What types of custom sleep appliances does Peak Dental Studio fabricate?

FDA-cleared mandibular advancement devices including custom-titrated designs. Appropriate for mild-to-moderate OSA per AASM guidelines, post-CPAP intolerance cases, and dual-therapy applications.

What information should I send the lab for a sleep appliance?

Maxillary and mandibular impressions (PVS or digital scan), bite registration in protrusive position (typically 60–70% of maximum protrusion), shade selection, and patient parafunction notes.

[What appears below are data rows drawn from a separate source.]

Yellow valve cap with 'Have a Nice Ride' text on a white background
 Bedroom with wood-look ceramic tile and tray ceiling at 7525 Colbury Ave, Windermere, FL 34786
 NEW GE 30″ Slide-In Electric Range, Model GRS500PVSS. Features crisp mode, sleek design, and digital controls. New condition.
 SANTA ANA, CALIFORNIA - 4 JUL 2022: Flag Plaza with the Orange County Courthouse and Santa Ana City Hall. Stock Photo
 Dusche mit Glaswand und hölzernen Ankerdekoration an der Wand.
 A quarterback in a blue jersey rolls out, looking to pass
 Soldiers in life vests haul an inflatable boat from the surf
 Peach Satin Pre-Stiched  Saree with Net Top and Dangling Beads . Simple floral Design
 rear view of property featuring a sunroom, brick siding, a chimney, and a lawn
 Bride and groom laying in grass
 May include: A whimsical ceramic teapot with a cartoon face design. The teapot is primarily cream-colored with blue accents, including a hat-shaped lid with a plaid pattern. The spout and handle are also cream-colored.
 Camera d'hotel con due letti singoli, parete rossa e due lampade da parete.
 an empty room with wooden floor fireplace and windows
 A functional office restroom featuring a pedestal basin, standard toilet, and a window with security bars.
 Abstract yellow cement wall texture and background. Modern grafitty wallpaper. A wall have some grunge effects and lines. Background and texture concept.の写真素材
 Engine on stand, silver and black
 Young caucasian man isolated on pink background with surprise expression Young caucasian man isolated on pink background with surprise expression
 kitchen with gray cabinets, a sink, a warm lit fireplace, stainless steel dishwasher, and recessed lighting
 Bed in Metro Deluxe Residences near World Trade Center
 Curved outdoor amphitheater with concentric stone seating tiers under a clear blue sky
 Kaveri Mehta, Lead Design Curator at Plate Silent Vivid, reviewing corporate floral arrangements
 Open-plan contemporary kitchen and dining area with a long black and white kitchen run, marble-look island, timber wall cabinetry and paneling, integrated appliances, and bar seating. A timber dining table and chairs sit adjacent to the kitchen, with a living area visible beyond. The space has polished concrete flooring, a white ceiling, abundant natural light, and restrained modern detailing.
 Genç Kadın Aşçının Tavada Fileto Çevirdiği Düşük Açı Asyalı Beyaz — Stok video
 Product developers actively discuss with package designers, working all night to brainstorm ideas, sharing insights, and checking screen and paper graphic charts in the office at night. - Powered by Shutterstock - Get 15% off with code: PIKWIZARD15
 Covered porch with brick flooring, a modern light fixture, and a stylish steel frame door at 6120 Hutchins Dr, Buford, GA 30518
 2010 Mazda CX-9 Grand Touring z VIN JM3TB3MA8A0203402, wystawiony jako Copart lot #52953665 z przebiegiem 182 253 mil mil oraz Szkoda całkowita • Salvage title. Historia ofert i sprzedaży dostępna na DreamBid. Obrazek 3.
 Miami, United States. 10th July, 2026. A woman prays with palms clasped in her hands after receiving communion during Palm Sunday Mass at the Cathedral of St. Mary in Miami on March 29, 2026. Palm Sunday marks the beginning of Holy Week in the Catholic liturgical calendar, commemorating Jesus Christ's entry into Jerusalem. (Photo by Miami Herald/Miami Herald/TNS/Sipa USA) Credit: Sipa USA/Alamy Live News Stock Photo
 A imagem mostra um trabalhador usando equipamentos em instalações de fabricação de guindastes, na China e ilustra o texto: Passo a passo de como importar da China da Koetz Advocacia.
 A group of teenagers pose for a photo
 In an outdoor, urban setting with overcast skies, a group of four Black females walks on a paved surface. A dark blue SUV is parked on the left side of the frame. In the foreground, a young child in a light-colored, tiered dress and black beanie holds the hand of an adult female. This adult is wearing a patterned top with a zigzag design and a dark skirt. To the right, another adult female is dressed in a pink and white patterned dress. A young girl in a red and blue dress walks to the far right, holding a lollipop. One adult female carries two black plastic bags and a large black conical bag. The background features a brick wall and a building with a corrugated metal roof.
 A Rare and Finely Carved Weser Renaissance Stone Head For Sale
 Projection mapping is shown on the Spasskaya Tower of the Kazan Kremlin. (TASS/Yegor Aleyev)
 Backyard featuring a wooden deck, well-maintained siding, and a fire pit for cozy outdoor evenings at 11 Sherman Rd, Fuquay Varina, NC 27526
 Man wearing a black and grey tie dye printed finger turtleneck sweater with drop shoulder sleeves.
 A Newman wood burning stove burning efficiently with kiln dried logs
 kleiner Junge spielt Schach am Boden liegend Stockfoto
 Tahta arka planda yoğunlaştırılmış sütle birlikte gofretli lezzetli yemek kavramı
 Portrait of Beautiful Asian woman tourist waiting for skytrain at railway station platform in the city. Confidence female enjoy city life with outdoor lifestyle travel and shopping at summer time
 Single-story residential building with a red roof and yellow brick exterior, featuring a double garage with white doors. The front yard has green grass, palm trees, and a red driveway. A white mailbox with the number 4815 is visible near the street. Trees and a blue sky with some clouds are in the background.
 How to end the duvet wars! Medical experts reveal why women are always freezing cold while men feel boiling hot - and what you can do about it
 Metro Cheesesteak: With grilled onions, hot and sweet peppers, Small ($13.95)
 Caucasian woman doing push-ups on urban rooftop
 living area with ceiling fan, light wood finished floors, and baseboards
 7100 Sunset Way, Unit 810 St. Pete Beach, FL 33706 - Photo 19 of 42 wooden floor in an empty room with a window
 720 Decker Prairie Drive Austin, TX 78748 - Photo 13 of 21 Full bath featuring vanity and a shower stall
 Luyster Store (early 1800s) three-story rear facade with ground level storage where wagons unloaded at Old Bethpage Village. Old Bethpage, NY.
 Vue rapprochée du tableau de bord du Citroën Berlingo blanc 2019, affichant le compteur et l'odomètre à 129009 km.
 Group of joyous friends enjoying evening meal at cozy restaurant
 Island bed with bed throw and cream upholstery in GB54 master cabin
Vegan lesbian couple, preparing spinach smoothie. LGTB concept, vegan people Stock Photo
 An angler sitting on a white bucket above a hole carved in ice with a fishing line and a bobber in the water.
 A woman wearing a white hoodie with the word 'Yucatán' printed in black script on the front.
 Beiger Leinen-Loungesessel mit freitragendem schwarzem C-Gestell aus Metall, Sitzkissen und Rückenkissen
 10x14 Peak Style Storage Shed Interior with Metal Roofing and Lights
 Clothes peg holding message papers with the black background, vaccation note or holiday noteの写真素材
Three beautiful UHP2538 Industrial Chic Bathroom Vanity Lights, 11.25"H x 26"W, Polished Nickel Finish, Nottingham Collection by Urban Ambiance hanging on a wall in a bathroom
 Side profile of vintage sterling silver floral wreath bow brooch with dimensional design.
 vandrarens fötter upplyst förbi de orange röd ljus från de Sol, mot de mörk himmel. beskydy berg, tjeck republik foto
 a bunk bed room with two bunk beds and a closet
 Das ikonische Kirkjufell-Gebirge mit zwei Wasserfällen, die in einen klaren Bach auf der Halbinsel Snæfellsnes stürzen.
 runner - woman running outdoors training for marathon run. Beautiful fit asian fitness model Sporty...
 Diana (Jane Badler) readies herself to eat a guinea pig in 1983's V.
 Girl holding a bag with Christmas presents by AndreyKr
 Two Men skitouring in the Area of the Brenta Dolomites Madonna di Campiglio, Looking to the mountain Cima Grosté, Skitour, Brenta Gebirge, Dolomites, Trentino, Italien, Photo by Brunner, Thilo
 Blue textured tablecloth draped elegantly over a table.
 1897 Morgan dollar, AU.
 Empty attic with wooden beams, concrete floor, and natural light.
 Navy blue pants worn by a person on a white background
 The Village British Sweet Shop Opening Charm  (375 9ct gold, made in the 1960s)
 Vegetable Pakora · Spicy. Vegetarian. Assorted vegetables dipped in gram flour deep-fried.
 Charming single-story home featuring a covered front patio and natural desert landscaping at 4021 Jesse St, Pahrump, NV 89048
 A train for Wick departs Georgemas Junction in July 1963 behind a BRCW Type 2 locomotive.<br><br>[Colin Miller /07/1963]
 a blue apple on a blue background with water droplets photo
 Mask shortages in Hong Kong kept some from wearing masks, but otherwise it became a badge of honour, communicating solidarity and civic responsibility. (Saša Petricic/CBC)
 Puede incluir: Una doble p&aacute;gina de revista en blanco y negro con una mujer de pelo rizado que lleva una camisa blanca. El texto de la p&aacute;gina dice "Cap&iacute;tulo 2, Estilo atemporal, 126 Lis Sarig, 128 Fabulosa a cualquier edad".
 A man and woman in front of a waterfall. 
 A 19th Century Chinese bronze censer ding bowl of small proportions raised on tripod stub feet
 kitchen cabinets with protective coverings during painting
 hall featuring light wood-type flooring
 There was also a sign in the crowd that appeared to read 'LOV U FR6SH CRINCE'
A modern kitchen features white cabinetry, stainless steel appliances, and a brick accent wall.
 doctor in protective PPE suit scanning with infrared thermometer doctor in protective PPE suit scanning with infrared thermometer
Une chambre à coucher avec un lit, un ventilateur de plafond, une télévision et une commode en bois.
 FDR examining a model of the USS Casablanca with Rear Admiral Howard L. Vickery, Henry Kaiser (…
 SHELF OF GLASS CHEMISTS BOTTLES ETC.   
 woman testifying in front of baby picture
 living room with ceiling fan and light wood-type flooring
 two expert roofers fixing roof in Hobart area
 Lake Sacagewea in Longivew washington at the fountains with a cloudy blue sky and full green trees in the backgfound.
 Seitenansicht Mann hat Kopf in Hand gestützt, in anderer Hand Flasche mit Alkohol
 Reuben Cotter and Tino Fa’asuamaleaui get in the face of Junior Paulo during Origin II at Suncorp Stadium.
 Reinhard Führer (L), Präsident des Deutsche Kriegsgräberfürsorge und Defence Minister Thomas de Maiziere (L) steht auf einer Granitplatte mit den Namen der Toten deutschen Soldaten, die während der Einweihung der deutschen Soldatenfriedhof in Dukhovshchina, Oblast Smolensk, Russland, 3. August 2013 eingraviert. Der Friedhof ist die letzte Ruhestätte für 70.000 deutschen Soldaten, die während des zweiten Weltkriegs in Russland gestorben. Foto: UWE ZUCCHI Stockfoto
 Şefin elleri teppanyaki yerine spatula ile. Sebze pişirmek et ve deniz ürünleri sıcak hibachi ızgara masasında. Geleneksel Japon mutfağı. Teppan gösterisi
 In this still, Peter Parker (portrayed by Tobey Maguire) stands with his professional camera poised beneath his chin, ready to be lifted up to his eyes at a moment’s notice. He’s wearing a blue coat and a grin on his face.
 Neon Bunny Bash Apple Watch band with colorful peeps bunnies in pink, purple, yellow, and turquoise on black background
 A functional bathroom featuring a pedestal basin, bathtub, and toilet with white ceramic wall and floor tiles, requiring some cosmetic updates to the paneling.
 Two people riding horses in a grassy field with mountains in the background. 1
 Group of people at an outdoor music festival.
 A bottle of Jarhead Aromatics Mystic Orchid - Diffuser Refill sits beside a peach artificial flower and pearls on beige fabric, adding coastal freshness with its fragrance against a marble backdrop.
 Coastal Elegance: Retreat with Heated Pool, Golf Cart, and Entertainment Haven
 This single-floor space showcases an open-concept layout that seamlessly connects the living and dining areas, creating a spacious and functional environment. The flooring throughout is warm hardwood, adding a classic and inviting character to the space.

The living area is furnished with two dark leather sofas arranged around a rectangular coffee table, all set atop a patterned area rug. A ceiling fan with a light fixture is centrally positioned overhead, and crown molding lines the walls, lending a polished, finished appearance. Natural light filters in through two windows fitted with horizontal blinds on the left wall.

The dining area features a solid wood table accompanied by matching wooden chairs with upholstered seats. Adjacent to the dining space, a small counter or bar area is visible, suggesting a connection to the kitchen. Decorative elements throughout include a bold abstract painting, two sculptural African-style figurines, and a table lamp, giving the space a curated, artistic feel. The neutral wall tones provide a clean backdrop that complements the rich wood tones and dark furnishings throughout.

AHI score and CPAP history help with appliance selection.

How does Peak’s appliance differ from boil-and-bite over-the-counter devices?

Custom mandibular advancement devices are individually fitted, made from medical-grade materials, and titratable — meaning advancement can be adjusted without remaking the device. OTC devices have no individualization and high failure rates.

How long does sleep appliance fabrication take?

Standard turnaround is 2 weeks in lab. Rush available — call (801) 850-8758.

Should I refer sleep apnea patients before prescribing an oral appliance?

Best practice is to refer for sleep study (PSG or HSAT) before prescribing. Oral appliance therapy is appropriate for mild-to-moderate OSA — severe cases need primary CPAP referral.